Dan jangan lupa, kita hidup di era yang menuntut ruang publik yang sehat, sebagaimana didefinisikan oleh Habermas: ruang di mana wacana berkembang, perdebatan tumbuh, dan pengetahuan dipertukarkan secara bebas dan terbuka. Jika kampus justru menjadi ruang sunyi, bukan hanya perdebatan yang mati, tapi semangat berpikir kritis dan semangat kolektif untuk membangun bangsa pun ikut tertimbun debu ketidakpedulian.
Lantas, dari mana sumber kesunyian ini berasal?
Sebagian besar mungkin dari para mahasiswa. Di atas kertas, mereka puluhan ribu. Tapi kenyataannya, lingkungan kampus tak menunjukkan jejak mereka. Bahkan di akhir pekan, kampus lebih menyerupai lahan kosong yang ditinggal pengembara. Padahal kabarnya, organisasi kemahasiswaan di kampus ini cukup aktif. Di mana mereka? Apakah mereka lebih senang berdiskusi di kafe-kafe instagramable yang jauh di luar kampus?
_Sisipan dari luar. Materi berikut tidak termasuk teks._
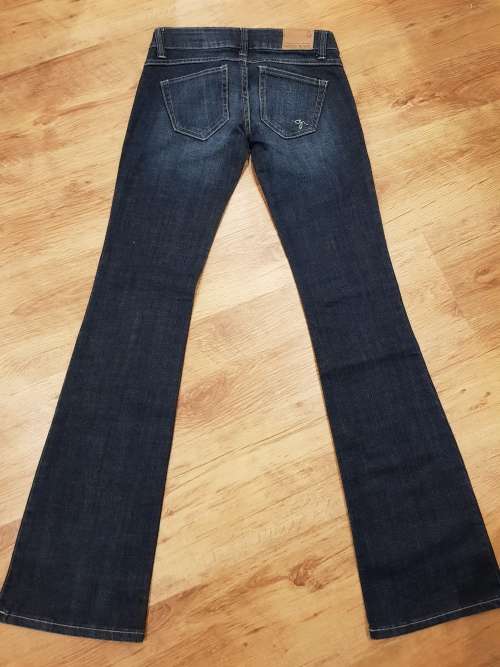 Guess Bootleg Jeans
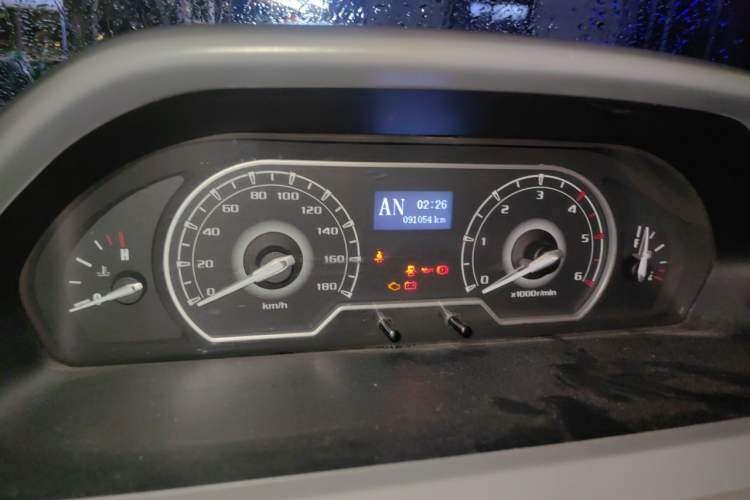 Used SAIC MAXUS Xintu V80 2019 2.5T Classic AMT Van Short Wheelbase Mid-Roof 6-Seater Instrument Cluster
Atau mungkin sedang sibuk menata hidup pribadi di dunia yang lebih “nyata”—entah pacaran, jualan online, atau rebahan tanpa target?
Sementara dari sisi dosen, barangkali jawabannya tak kalah kompleks. Mungkin mereka masih menikmati sisa-sisa hangatnya suasana lebaran di rumah. Atau mungkin memang tidak lagi merasa tertantang untuk hadir secara aktif di ruang akademik. Sebab jika kampus tak menyediakan atmosfer intelektual yang memanggil, maka ruang keluarga tentu lebih menggoda.
Namun, berapa lama kita bisa membiarkan kampus tertidur? Jika kampus tidak membangkitkan ekonomi lokal, tidak menjawab tantangan nasional, dan tidak menjadi ruang publik yang sehat—bukankah itu berarti ia sedang melanggar fungsinya sebagai institusi negara?
UIN KHAS Jember harus segera bangun. Bukan semata-mata karena jadwal akademik yang menuntut, tapi karena tanggung jawab sejarah yang mendesak. Di pundak institusi ini tertumpu harapan mahasiswa, orang tua mereka, masyarakat sekitar, dan ya—juga Presiden Republik Indonesia yang menaruh cita-cita besar pada peran pendidikan pendidikan tinggi.
Tulisan ini tak sedang menggugat dalam kemarahan, melainkan menyentil dalam kasih sayang. Sebab kita ingin melihat UIN KHAS Jember kembali hidup: menjadi pusat ilmu, jantung ekonomi kota, dan ladang dialog yang tak pernah kering.